A word-for-word copy of the listing is what's needed; leave out every image.

** Opening Supplied information block **

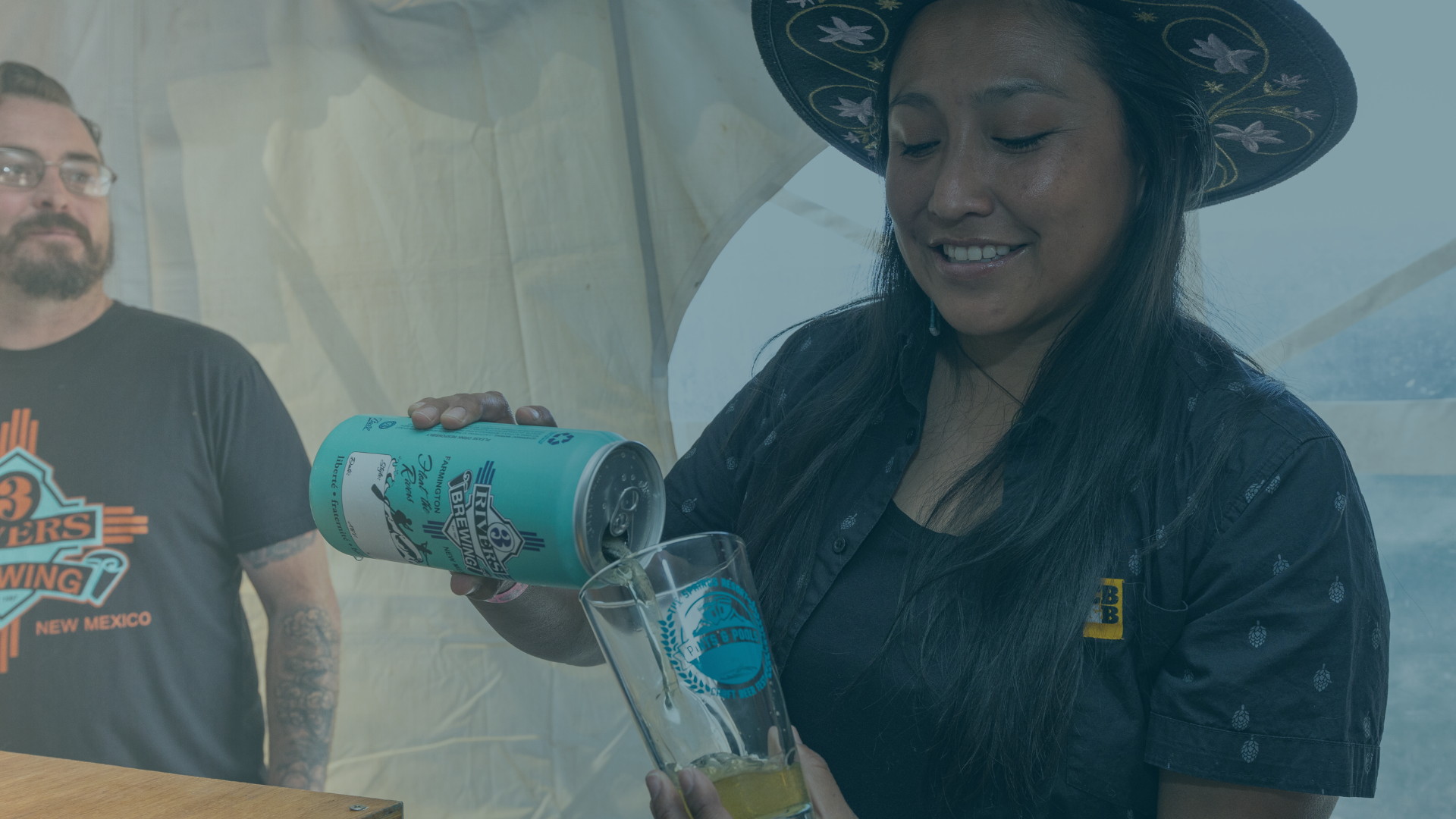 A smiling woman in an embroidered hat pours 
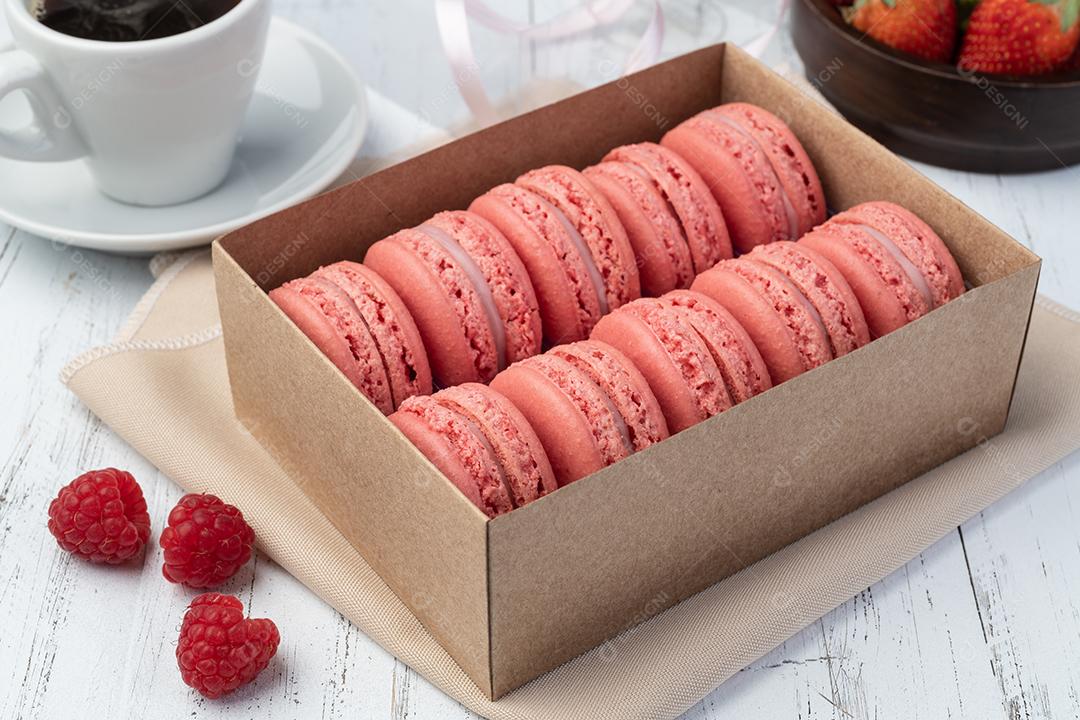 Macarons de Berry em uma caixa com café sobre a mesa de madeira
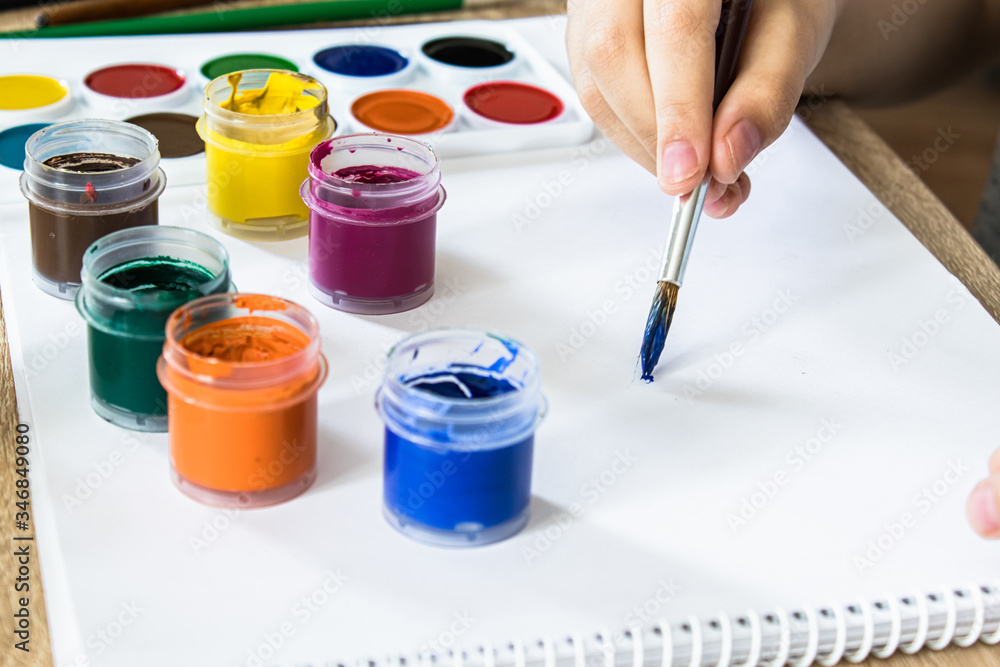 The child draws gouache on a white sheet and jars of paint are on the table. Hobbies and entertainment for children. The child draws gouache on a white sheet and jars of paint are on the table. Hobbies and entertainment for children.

** Closing Supplied information block **

Task solution:
 A smiling woman in an embroidered hat pours 
 Macarons de Berry em uma caixa com café sobre a mesa de madeira
 The child draws gouache on a white sheet and jars of paint are on the table. Hobbies and entertainment for children. The child draws gouache on a white sheet and jars of paint are on the table. Hobbies and entertainment for children.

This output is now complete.